2010 - 125 Jahre «Musikgesellschaft Obersiggenthal»
Blick in die Vergangenheit - historische Häppchen von Bernhard Schneider


Musikgesellschaft Obersiggenthal 1885


1885 Gemeinde Obersiggenthal, eine erwachende Landidylle
Die Gemeinde zählte 1.100 Einwohner. Schotterstrassen verbanden die Ortsteile. Das Wasser besorgte man sich von den Ortsbrunnen, die zugleich als Viehtränke dienten. Nicht einmal das Schulhaus Bachmatt verfügte über eine Zentralheizung, allerdings hatten Petrollampen die Kerzen- und Oellichter abgelöst.
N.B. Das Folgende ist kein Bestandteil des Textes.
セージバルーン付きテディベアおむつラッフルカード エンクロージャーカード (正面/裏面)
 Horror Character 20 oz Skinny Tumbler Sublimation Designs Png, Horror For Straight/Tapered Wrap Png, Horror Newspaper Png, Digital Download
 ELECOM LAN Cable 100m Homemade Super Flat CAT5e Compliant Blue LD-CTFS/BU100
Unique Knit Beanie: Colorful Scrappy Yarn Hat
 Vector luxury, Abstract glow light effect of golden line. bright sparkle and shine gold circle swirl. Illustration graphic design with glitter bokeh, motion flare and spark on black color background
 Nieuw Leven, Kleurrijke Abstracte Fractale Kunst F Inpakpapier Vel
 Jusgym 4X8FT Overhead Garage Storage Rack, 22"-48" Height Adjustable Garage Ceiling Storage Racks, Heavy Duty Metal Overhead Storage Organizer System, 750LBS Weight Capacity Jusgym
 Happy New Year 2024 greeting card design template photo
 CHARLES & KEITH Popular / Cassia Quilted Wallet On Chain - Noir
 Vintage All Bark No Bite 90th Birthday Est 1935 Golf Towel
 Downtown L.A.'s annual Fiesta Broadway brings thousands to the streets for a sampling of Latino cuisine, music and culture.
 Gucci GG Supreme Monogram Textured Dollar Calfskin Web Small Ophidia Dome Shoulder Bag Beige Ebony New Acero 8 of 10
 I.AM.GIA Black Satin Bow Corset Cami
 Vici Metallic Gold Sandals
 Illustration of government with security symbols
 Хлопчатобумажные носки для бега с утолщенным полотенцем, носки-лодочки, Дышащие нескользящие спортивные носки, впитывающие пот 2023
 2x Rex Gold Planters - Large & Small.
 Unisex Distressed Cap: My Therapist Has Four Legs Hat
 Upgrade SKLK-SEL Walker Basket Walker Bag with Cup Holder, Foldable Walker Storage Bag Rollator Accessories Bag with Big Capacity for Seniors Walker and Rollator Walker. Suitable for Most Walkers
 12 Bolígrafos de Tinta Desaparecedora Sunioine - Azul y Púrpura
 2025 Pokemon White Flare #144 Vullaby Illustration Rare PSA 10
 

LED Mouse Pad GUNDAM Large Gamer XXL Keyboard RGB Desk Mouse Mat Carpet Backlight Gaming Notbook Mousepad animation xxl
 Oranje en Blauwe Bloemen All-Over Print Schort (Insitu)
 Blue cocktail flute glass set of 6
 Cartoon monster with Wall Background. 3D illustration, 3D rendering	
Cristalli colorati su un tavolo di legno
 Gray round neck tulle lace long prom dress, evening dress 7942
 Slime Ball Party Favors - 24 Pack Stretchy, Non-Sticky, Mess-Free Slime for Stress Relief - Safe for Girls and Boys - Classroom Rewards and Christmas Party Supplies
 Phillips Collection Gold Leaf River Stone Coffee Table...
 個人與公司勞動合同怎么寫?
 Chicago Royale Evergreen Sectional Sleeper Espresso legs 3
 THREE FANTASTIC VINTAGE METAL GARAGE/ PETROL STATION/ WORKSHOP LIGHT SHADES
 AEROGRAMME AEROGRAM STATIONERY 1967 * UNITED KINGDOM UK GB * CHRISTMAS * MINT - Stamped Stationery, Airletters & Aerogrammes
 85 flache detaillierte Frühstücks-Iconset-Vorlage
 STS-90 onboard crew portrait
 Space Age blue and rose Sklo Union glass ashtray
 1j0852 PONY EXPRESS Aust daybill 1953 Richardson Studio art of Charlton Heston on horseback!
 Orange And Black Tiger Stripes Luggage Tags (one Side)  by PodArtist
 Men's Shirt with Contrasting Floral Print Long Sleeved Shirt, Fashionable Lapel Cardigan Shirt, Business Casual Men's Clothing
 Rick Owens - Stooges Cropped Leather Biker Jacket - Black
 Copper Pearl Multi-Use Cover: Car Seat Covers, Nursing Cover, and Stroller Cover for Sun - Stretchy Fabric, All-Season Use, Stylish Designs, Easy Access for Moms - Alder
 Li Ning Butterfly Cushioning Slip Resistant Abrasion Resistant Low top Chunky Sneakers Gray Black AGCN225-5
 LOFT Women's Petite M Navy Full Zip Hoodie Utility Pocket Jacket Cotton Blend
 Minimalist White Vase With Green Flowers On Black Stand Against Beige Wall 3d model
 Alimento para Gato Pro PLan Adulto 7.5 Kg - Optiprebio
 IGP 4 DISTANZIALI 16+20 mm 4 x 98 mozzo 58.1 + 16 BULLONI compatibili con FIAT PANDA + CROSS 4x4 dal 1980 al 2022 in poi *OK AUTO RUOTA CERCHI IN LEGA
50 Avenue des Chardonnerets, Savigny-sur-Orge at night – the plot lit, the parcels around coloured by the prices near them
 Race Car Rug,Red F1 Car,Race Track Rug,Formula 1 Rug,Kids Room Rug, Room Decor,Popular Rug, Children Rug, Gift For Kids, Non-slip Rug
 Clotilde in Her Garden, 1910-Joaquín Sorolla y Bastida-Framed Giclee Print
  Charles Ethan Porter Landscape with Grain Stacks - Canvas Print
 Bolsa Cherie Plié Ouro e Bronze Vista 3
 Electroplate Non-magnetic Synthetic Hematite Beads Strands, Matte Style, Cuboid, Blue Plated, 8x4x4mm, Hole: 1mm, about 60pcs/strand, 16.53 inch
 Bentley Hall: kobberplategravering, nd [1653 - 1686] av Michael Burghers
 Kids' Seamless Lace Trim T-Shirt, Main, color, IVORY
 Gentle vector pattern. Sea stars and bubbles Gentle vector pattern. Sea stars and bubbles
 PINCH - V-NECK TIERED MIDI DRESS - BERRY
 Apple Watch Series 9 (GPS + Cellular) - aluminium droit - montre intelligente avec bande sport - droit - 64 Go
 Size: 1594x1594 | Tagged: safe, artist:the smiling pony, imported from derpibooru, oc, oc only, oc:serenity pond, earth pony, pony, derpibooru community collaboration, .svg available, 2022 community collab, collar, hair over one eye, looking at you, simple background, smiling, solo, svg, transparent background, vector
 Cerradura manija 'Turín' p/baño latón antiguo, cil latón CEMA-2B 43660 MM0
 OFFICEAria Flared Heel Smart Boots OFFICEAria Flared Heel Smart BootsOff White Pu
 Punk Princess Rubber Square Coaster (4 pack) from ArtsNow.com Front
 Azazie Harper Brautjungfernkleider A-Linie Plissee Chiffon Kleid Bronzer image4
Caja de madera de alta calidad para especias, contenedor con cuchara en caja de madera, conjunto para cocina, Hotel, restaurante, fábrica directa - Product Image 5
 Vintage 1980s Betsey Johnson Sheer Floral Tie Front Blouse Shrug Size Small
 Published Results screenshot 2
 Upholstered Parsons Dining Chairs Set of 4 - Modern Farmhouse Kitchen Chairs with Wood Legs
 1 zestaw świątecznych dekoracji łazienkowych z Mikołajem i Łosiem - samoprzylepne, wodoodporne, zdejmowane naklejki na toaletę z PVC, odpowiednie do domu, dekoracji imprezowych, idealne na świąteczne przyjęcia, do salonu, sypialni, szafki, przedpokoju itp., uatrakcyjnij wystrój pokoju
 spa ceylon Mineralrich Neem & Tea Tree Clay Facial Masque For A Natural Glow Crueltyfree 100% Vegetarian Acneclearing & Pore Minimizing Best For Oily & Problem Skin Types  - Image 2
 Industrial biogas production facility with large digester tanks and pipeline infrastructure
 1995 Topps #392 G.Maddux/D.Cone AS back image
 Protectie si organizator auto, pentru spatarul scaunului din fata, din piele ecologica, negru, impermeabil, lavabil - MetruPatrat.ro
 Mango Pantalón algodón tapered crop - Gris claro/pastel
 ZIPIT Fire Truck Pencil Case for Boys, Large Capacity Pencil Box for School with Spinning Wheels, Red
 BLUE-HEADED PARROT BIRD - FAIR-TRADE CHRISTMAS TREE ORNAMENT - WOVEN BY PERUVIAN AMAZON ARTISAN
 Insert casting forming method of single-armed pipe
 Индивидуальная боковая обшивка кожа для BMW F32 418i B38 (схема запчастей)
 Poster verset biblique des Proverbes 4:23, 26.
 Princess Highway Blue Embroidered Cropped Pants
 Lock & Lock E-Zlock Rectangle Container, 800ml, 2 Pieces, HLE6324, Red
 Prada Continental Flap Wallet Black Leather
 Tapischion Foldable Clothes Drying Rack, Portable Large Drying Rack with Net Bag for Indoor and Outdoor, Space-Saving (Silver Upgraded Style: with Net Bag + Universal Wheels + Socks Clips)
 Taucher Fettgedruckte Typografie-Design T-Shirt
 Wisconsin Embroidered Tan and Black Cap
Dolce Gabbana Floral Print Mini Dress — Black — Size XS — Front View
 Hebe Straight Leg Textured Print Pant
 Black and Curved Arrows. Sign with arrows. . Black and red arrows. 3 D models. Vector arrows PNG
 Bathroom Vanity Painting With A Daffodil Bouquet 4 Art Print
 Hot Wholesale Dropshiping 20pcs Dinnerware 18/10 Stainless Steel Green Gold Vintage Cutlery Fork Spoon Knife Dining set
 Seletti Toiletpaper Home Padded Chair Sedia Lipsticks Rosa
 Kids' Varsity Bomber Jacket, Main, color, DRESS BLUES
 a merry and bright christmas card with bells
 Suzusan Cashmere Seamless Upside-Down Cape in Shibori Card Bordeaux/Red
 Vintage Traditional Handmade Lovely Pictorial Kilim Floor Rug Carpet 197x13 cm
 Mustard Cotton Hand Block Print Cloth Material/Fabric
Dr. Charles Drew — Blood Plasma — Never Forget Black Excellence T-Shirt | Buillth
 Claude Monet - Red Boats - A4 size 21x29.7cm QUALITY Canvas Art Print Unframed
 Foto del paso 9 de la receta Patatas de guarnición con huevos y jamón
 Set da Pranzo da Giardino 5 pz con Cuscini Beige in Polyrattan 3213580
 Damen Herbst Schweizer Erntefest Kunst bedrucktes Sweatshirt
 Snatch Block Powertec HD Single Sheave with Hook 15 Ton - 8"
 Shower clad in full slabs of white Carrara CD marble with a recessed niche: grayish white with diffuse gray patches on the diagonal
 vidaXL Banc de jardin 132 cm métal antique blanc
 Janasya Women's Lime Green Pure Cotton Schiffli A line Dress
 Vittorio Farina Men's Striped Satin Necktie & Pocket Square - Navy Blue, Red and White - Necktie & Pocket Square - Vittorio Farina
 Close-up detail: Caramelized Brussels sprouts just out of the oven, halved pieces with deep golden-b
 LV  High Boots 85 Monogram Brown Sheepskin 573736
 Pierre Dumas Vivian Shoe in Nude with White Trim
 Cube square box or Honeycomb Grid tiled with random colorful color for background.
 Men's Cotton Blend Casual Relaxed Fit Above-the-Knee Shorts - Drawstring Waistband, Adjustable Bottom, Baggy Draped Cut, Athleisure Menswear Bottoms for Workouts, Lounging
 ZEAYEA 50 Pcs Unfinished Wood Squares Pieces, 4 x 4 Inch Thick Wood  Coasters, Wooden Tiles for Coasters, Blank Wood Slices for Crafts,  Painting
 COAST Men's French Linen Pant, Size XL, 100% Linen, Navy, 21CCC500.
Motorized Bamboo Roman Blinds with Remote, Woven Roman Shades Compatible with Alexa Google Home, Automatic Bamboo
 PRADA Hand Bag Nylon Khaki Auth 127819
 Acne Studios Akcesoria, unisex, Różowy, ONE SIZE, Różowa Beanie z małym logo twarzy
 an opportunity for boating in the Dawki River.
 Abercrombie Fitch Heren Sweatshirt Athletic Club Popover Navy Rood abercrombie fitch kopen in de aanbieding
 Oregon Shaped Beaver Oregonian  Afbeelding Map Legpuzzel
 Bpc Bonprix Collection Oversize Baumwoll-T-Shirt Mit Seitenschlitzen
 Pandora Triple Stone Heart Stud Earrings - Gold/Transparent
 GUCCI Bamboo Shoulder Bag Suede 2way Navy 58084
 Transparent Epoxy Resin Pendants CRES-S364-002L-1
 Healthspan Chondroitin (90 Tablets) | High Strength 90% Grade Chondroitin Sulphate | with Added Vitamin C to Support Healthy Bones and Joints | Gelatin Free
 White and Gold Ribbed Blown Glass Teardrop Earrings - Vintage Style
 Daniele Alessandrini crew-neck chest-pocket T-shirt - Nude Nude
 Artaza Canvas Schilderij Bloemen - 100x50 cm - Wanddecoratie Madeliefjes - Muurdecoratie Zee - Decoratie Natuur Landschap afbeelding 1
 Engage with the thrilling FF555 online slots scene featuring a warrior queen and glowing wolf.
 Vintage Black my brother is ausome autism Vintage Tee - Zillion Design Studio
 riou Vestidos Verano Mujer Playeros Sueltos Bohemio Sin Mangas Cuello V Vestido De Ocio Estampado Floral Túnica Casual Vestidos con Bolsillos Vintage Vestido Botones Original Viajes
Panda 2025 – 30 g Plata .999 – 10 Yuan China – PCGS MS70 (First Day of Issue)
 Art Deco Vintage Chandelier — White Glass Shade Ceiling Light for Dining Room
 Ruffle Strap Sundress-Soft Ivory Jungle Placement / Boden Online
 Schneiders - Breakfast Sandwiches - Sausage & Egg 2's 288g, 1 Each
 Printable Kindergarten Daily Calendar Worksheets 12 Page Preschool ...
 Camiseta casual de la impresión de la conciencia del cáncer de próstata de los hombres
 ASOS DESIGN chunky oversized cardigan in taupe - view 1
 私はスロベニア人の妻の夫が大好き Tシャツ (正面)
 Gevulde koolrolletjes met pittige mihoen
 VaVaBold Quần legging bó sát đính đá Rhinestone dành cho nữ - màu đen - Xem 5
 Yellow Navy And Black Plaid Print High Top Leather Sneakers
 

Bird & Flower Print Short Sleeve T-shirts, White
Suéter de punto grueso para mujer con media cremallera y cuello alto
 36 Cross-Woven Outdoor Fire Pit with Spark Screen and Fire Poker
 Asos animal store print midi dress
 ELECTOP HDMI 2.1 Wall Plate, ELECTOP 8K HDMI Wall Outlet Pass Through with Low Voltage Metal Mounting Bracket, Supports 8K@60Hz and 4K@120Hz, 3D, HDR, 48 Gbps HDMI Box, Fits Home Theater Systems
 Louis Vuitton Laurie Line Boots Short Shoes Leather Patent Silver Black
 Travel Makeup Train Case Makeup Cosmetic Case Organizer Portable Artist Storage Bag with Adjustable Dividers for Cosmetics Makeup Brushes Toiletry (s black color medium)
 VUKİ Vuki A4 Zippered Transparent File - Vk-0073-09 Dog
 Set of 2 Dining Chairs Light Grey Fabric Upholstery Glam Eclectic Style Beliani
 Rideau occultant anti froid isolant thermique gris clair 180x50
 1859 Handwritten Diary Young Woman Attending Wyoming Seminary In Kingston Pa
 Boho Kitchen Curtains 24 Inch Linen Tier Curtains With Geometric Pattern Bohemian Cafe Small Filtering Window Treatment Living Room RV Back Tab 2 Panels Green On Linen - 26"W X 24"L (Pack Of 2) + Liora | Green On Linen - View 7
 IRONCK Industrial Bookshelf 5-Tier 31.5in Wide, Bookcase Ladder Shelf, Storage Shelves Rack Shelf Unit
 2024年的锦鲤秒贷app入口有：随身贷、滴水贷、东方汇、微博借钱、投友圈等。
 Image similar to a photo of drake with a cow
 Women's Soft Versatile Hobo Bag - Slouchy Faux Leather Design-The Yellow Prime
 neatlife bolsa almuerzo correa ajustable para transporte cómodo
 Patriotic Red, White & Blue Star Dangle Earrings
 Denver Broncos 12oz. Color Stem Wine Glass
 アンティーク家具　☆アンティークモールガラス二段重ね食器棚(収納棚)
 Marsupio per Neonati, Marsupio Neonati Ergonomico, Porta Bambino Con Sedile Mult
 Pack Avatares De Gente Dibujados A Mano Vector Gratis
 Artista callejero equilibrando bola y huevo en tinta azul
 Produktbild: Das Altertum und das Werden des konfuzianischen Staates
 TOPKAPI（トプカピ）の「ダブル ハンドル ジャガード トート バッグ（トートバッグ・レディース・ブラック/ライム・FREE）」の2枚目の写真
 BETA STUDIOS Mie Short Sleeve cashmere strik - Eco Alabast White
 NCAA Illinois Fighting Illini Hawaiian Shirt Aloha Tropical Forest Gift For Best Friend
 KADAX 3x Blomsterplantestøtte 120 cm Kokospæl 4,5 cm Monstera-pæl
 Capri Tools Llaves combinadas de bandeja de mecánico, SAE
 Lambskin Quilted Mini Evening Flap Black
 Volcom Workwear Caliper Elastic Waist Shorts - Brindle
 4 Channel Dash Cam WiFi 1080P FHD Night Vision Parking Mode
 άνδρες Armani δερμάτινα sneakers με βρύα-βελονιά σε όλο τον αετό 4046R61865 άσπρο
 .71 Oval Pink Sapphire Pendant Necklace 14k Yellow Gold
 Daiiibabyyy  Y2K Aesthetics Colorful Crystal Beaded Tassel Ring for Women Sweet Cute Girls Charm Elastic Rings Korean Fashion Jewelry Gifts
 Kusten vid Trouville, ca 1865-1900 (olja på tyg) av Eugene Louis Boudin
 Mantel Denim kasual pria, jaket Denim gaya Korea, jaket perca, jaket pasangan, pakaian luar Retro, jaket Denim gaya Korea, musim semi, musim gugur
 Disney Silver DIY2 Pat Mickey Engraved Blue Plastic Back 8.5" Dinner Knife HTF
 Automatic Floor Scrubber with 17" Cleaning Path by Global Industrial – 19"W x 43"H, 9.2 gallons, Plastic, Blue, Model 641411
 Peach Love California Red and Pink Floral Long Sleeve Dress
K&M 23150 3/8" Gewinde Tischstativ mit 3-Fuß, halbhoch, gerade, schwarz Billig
Seit 1858 befand sich in Rieden die Firma Oederlin, die einigen Vereinsgründern Arbeit bot. Beachtlich ist, dass von 1883 bis 1890 sieben Vereine
gegründet wurden.

Die Musikgesellschaft Nussbaumen, Gründung
«Kassenbuch für die Musikgesellschaft Nussbaumen». Es ist das uns erhaltene Gründungsdokument mit den ersten Eintragungen unter dem 30. August 1885 über Instrumentenkauf, Imbiss und Botengänge. Wir haben damit ein Dokument über das Aktivwerden des Vereins. Nichts haben uns die Gründer überlassen über die Zeit von der Idee bis zur Verwirklichung.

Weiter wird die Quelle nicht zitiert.